▶ DESCRIPTION OF THE TASK
Each line from the one containing "You'll have a" to the end of the data must be copied exactly, the first and last included; no other lines and no pictures belong in the copy.
::: EXERCISE INPUT :::
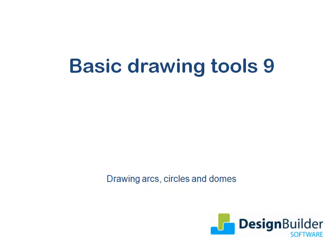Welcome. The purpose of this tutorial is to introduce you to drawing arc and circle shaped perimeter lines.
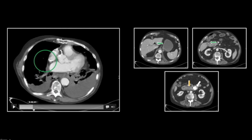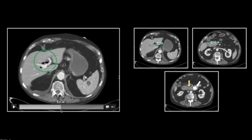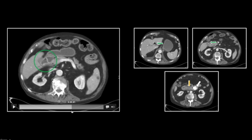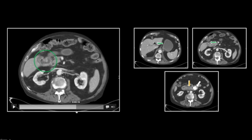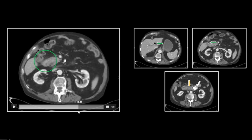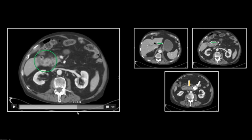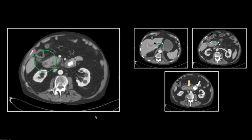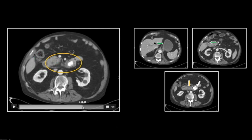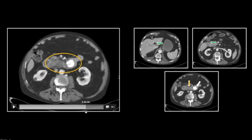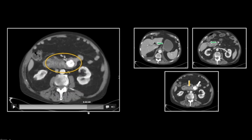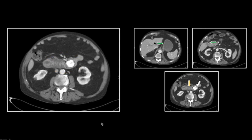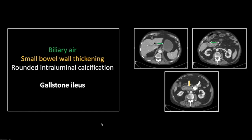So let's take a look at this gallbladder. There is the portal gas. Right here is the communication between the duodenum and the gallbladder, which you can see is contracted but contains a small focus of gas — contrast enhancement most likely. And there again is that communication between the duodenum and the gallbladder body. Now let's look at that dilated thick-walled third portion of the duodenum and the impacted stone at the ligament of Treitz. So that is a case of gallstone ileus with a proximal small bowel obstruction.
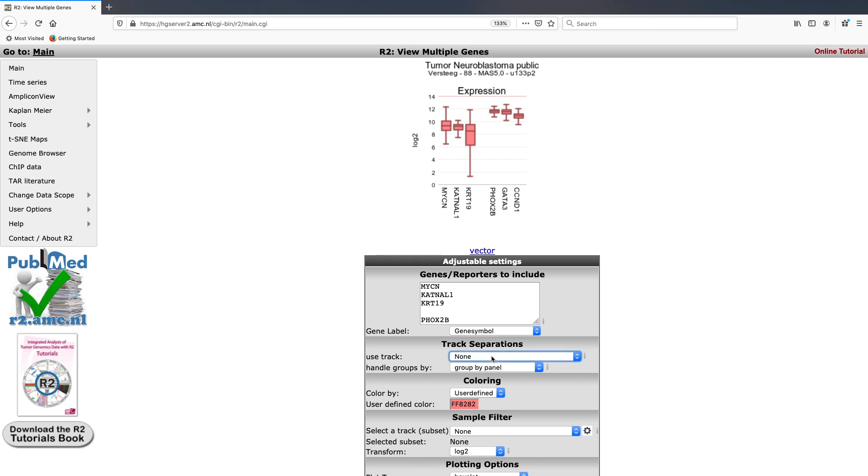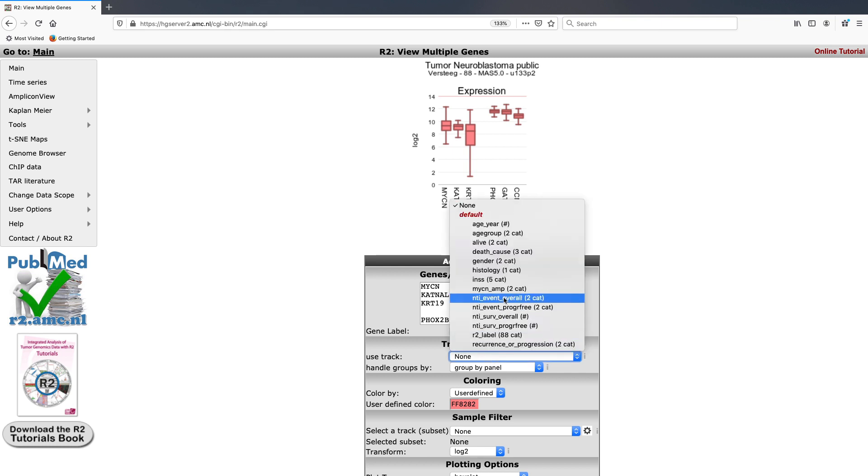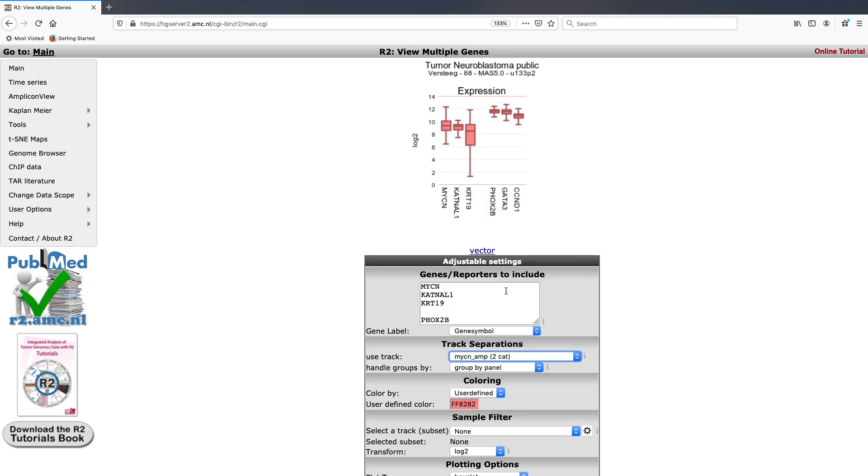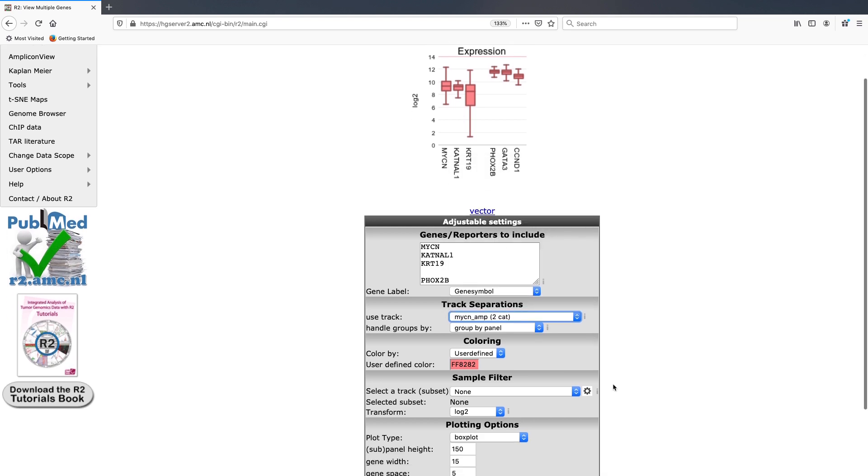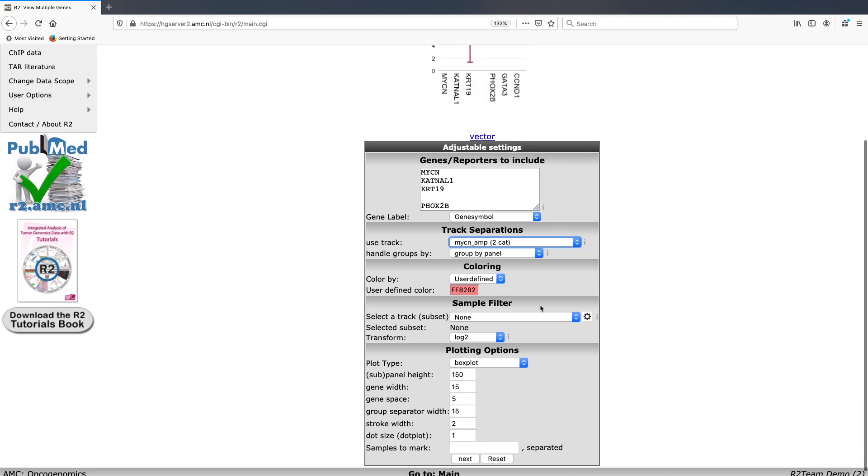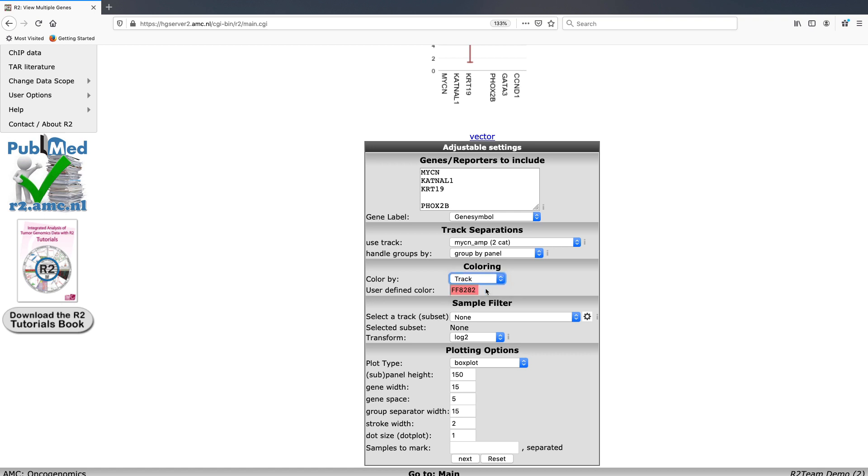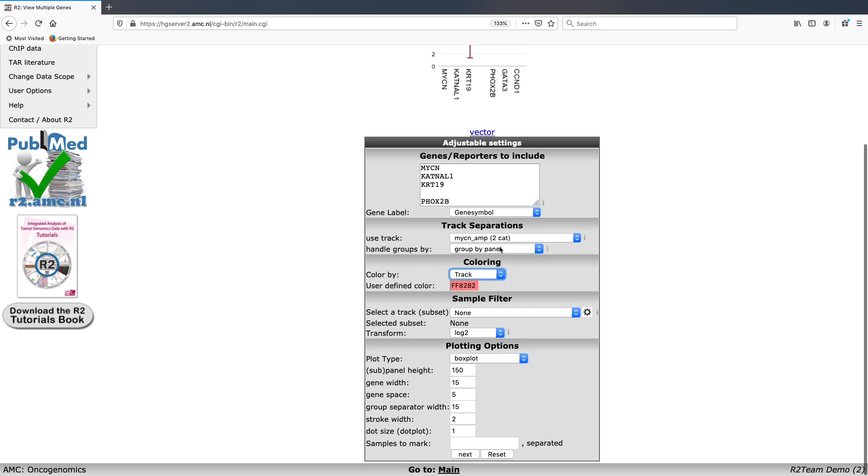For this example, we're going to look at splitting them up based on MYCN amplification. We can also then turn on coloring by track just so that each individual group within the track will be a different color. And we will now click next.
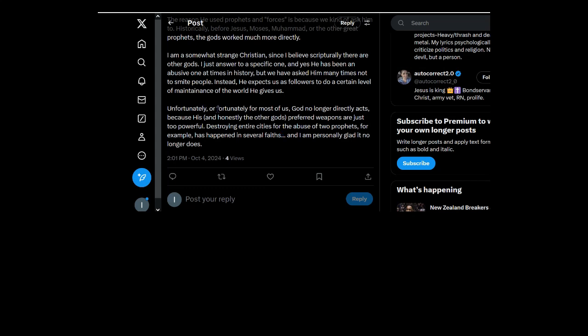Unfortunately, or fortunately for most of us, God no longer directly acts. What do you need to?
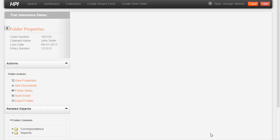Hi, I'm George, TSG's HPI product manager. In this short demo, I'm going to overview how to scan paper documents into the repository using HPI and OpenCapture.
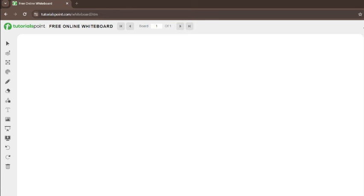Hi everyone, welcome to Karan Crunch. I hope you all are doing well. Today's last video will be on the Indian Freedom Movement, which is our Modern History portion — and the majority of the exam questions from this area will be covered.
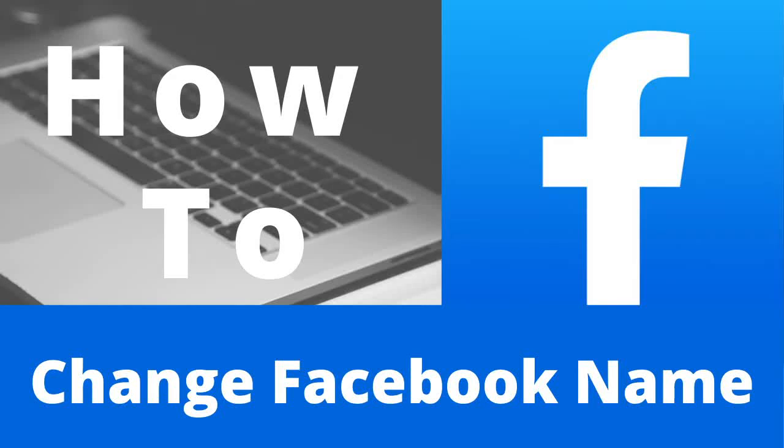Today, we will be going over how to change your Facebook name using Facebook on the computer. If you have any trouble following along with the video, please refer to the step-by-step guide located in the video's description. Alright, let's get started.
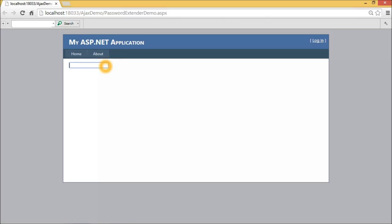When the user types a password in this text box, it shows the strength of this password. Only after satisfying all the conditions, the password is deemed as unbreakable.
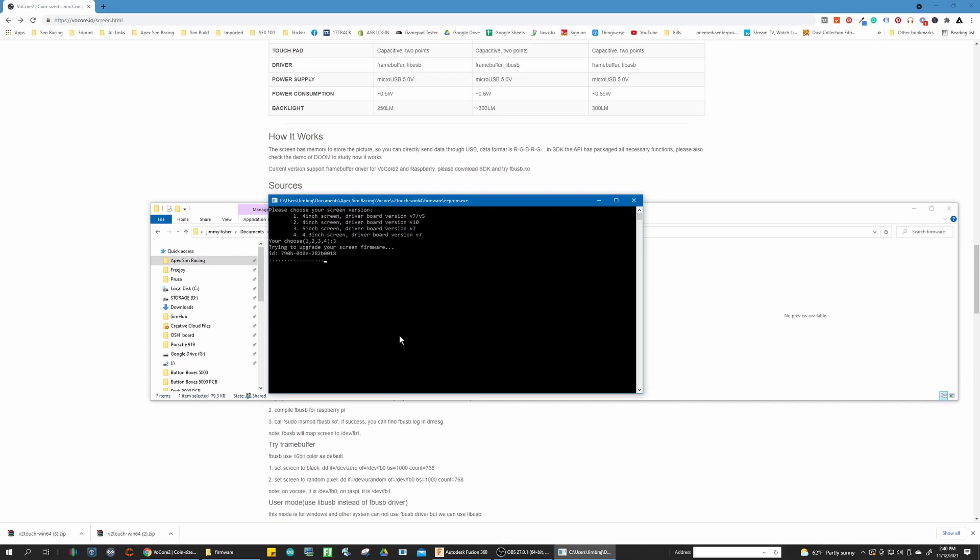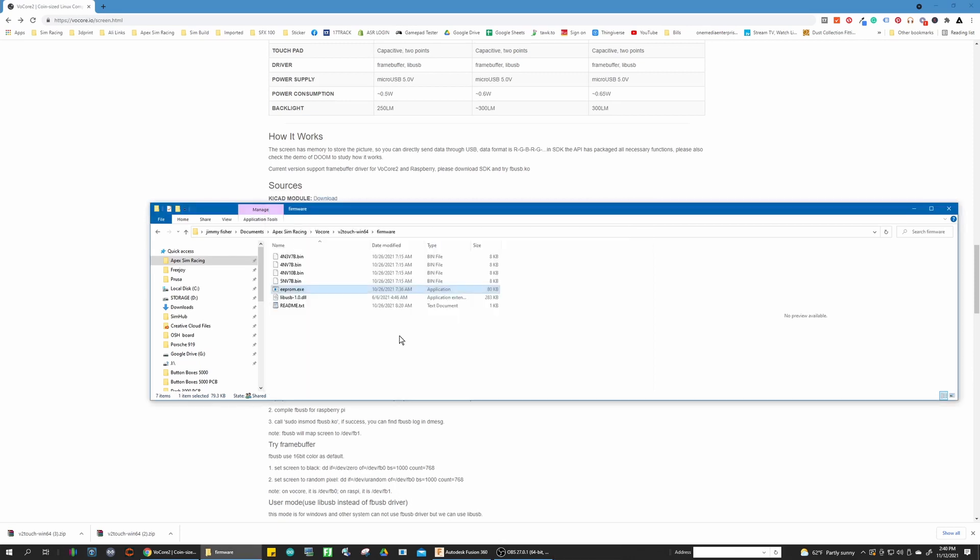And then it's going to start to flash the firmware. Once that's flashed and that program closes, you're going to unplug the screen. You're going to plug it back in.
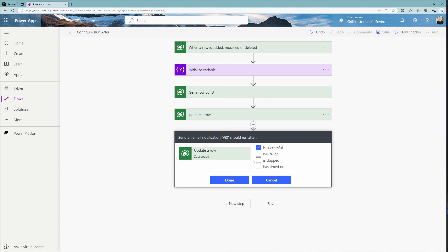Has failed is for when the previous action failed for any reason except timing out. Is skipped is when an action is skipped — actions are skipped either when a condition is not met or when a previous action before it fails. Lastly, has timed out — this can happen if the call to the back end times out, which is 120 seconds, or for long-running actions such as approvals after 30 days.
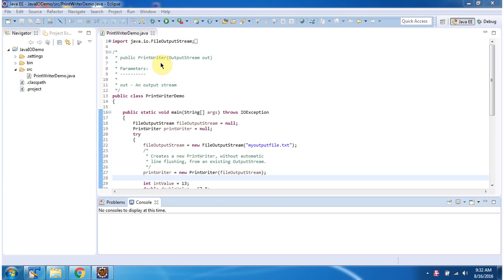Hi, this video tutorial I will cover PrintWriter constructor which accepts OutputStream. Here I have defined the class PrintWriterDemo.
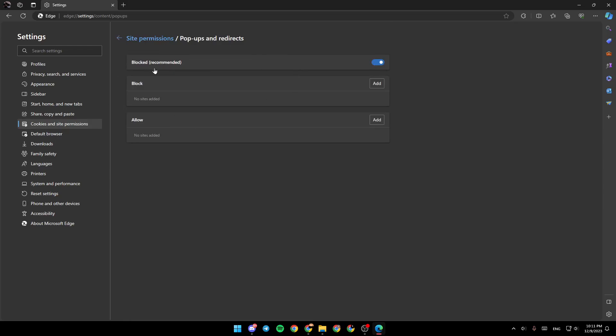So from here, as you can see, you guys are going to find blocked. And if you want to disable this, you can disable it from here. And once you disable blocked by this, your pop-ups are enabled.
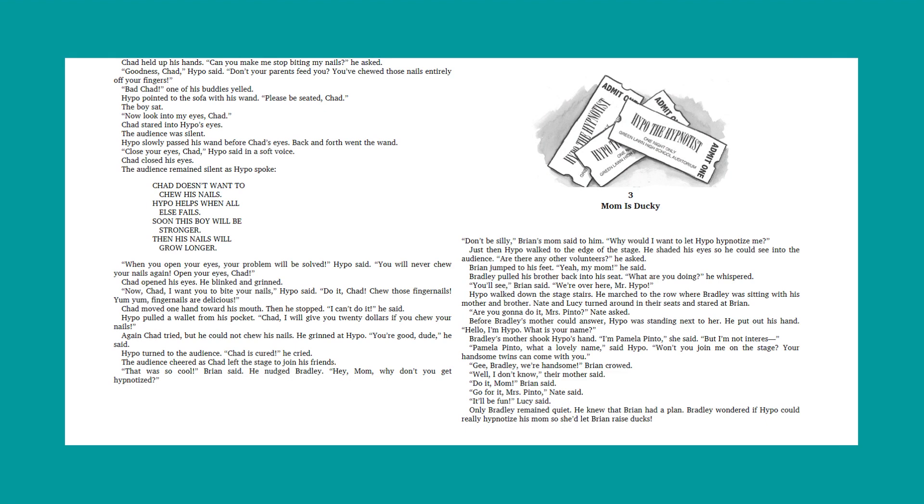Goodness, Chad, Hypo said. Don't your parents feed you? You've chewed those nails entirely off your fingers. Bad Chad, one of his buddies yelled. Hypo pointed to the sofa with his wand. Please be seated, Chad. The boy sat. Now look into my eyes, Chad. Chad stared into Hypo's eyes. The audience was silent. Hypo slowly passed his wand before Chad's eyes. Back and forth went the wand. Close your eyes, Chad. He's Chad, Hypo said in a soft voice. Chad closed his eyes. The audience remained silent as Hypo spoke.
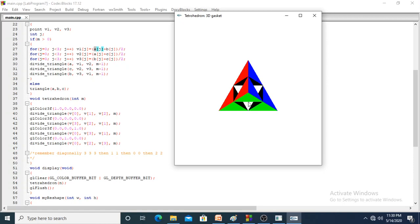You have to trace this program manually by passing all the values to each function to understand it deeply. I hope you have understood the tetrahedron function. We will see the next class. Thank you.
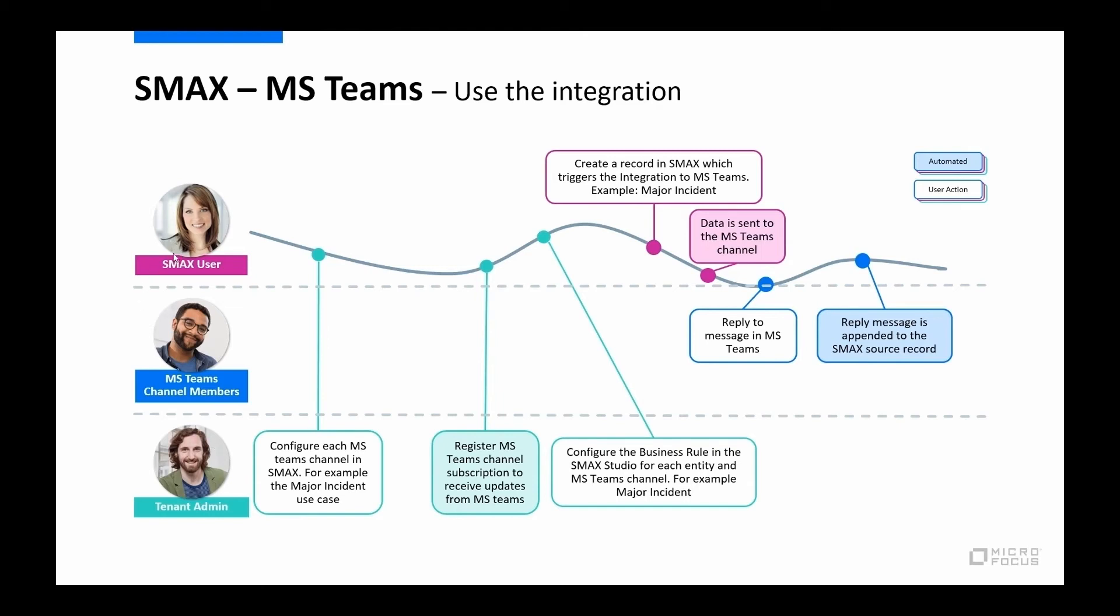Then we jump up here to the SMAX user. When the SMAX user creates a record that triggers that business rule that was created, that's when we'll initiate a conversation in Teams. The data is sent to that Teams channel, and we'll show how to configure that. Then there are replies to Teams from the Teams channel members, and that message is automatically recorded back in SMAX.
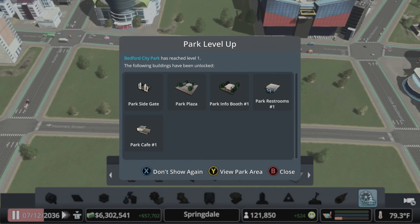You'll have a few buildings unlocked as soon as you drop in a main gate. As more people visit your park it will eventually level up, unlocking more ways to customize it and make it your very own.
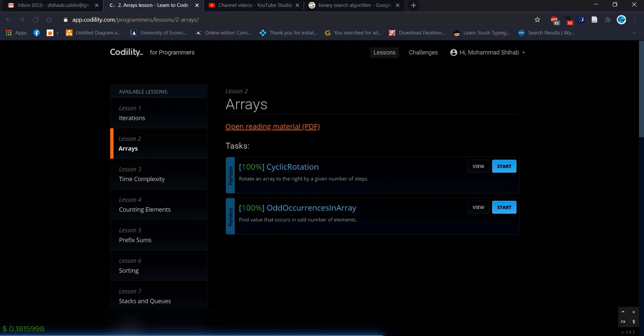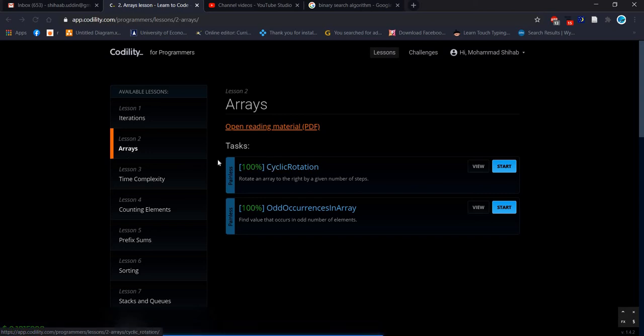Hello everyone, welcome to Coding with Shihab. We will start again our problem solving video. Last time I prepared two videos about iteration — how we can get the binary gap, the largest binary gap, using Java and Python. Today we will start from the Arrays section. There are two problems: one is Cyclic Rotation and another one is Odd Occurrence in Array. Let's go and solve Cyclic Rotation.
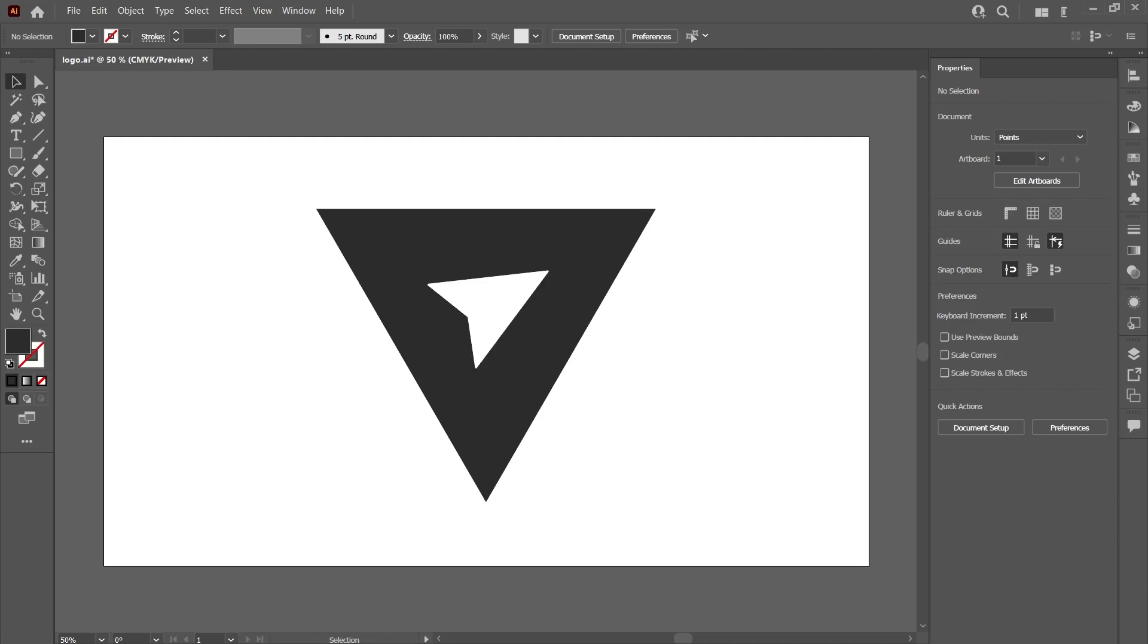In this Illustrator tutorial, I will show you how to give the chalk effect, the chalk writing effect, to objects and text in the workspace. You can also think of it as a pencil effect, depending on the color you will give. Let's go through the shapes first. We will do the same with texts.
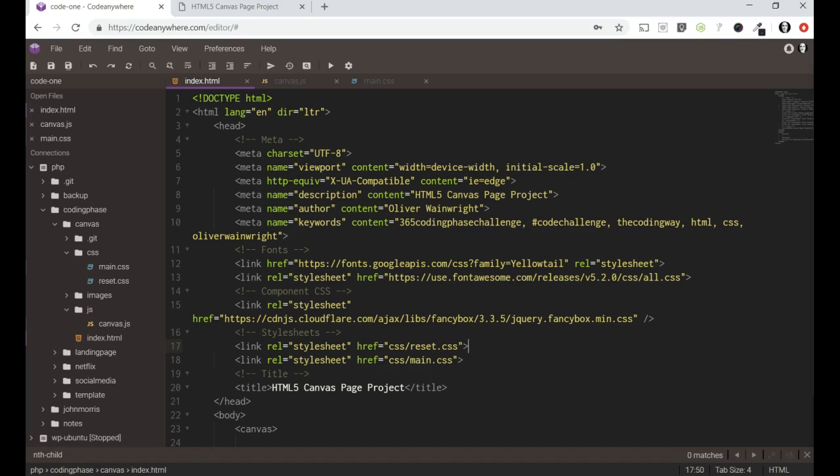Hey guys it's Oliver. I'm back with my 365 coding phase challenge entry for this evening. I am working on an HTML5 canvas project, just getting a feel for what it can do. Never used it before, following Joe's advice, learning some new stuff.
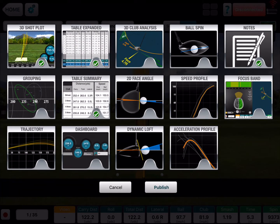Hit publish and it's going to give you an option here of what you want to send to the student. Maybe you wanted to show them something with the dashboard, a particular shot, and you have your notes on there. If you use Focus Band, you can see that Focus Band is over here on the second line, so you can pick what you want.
:::
▶ OUTPUT OF THE TASK
You'll have a few buildings unlocked as soon as you drop in a main gate. As more people visit your park it will eventually level up, unlocking more ways to customize it and make it your very own.
Hello everyone, welcome to Coding with Shihab. We will start again our problem solving video. Last time I prepared two videos about iteration — how we can get the binary gap, the largest binary gap, using Java and Python. Today we will start from the Arrays section. There are two problems: one is Cyclic Rotation and another one is Odd Occurrence in Array. Let's go and solve Cyclic Rotation.
In this Illustrator tutorial, I will show you how to give the chalk effect, the chalk writing effect, to objects and text in the workspace. You can also think of it as a pencil effect, depending on the color you will give. Let's go through the shapes first. We will do the same with texts.
Hey guys it's Oliver. I'm back with my 365 coding phase challenge entry for this evening. I am working on an HTML5 canvas project, just getting a feel for what it can do. Never used it before, following Joe's advice, learning some new stuff.
Hit publish and it's going to give you an option here of what you want to send to the student. Maybe you wanted to show them something with the dashboard, a particular shot, and you have your notes on there. If you use Focus Band, you can see that Focus Band is over here on the second line, so you can pick what you want.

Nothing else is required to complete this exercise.